Industrial Metal Prices
Eoin Treacy's view Copper pulled back rather violently from its January high, in an example of the volatility the sector is prone to but found support in the region of the 200-day moving average. It has since rallied back to test the psychological $3.50 and a sustained move back below $3.25 would be required to question potential for a successful upside break.
Aluminium pulled back equally sharply from January and is also rallying back towards the recovery highs. It broke upwards from the most recent short-term range toward and a downward dynamic would be required to limit scope for further higher to lateral ranging. Norsk Hydro offers a similar pattern.
Lead also found support in the region of the mean, defined by the 200day moving average, in February and a sustained move below $2100 would be required to question scope for some additional upside.
Zinc continues to post a progression of higher reaction lows, having found support near the mean in February. A sustained move back below $2200 would now be needed to question scope for further higher to lateral ranging.

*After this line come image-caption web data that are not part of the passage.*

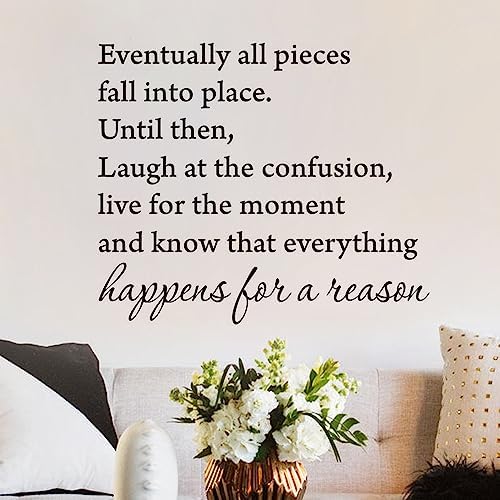Eventually All Pieces Fall into Place Wall Decal Inspirational Quotes Art Sticker
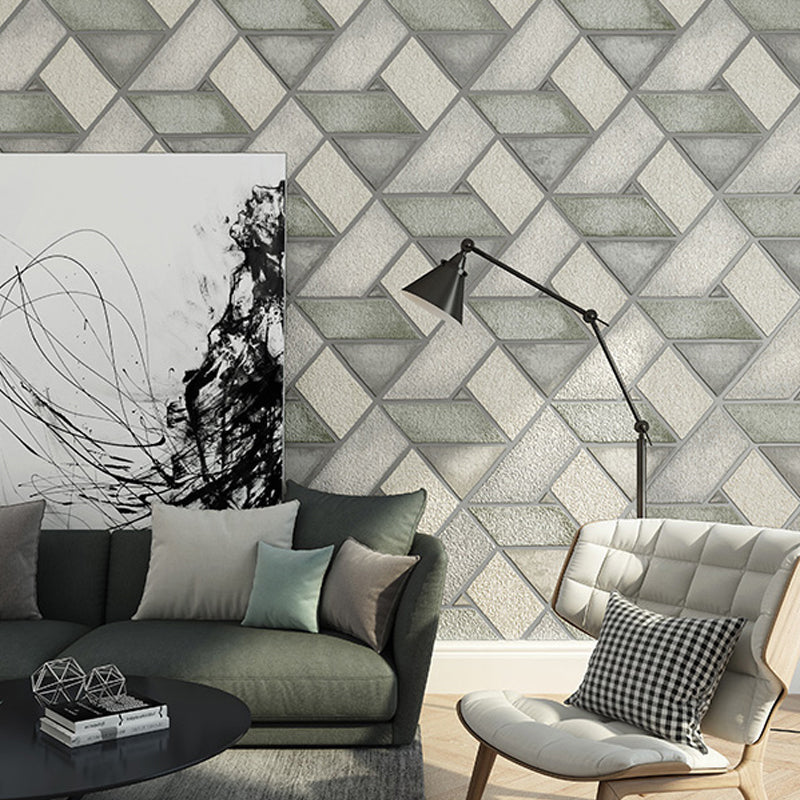 Flock Stain Resistant Wallpaper Modern Geo Lattice Patterned Wall Art for Dining Room Clearhalo 'Modern wall decor' 'Modern' 'Wallpaper' Wall Decor' 1225445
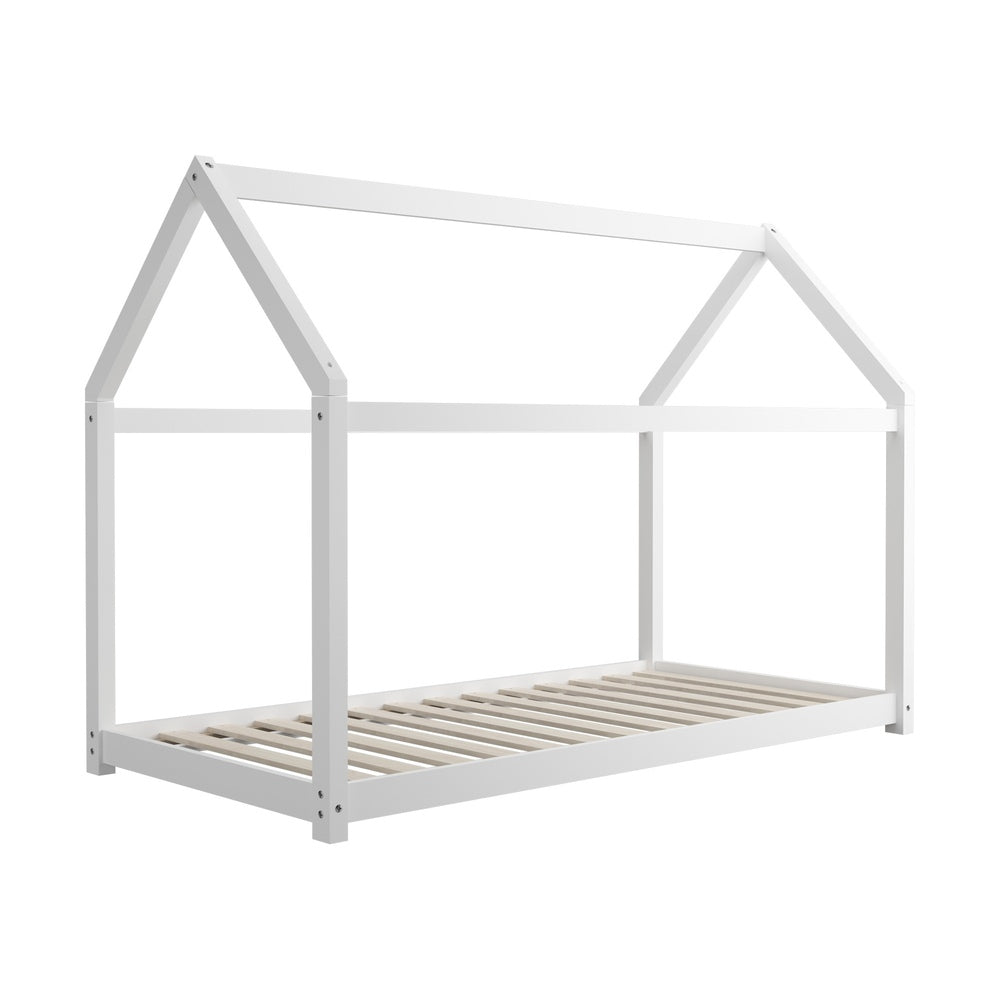 White Single Wooden Pine Timber Platform Bed Frame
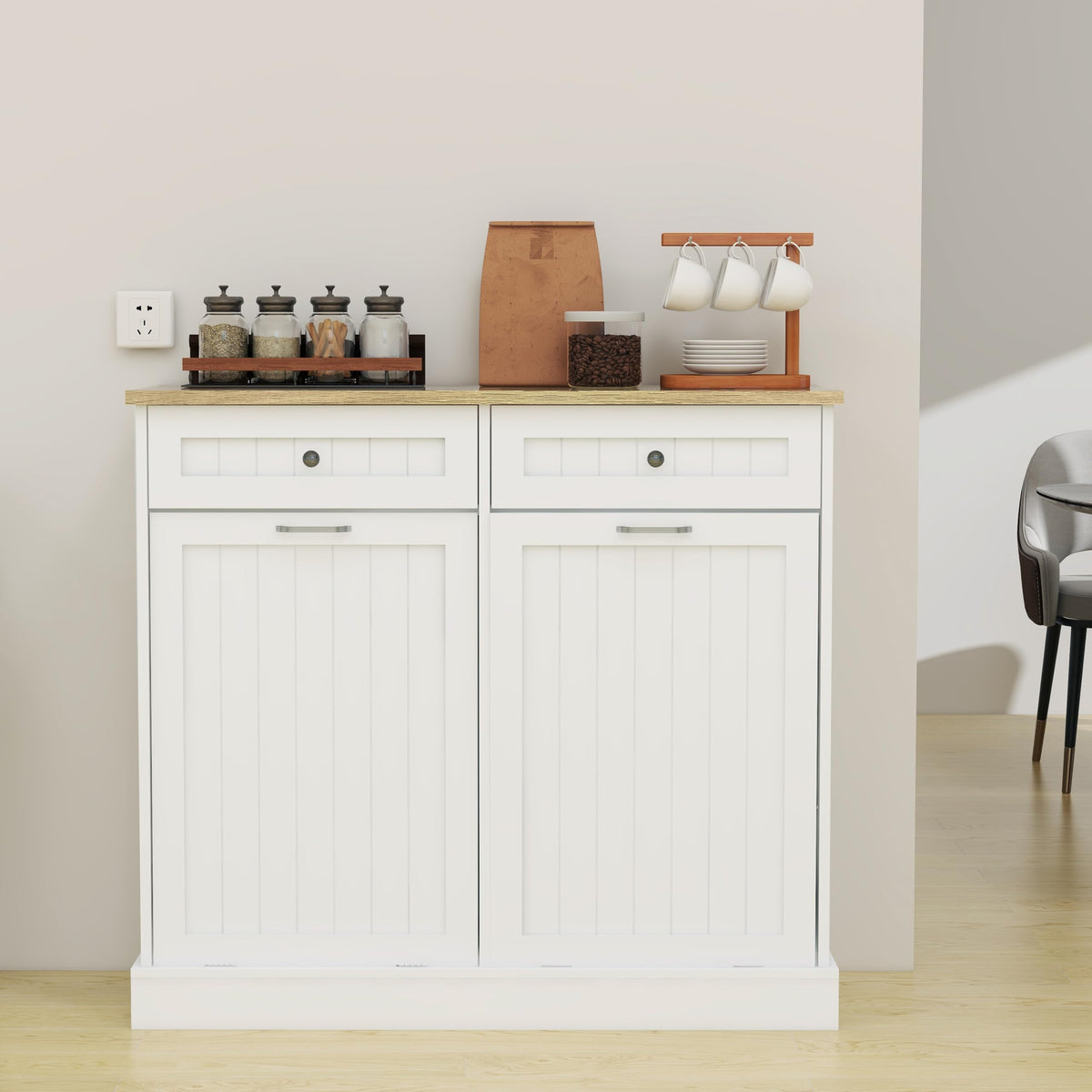 White 2x10 Gallon Solid Wood Trash Cabinet B37834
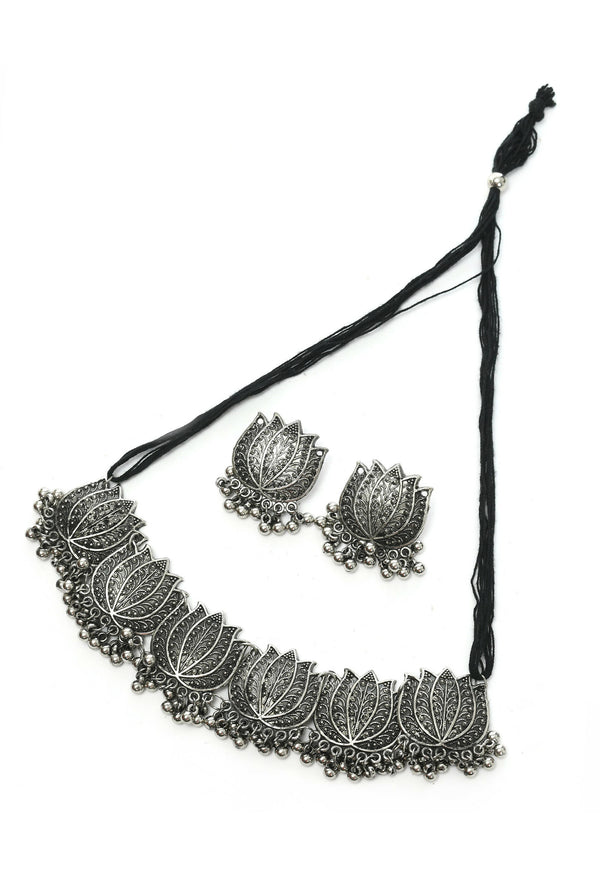Mominos Fashion Johar Kamal Silver-Plated Brass Finish Lotus Design Choker For Women - Distacart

Nickel ranged from August to February in a relatively gradual mean reversion and broke successfully upwards a month ago. A sustained move back below $20,000 would be needed to question potential for further upside.
Tin found support at the psychological $15,000 in February, which coincided with the mean. It continues to rally back to the test the January high and a downward dynamic would be required to check momentum beyond a brief pause.
These charts suggest that while there remain worries about inventory build up for some metals, the outlook remains bullish and the major consistency of these trends, the progressions of higher major reaction lows, would need to be taken out to question the medium-term bullish outlook.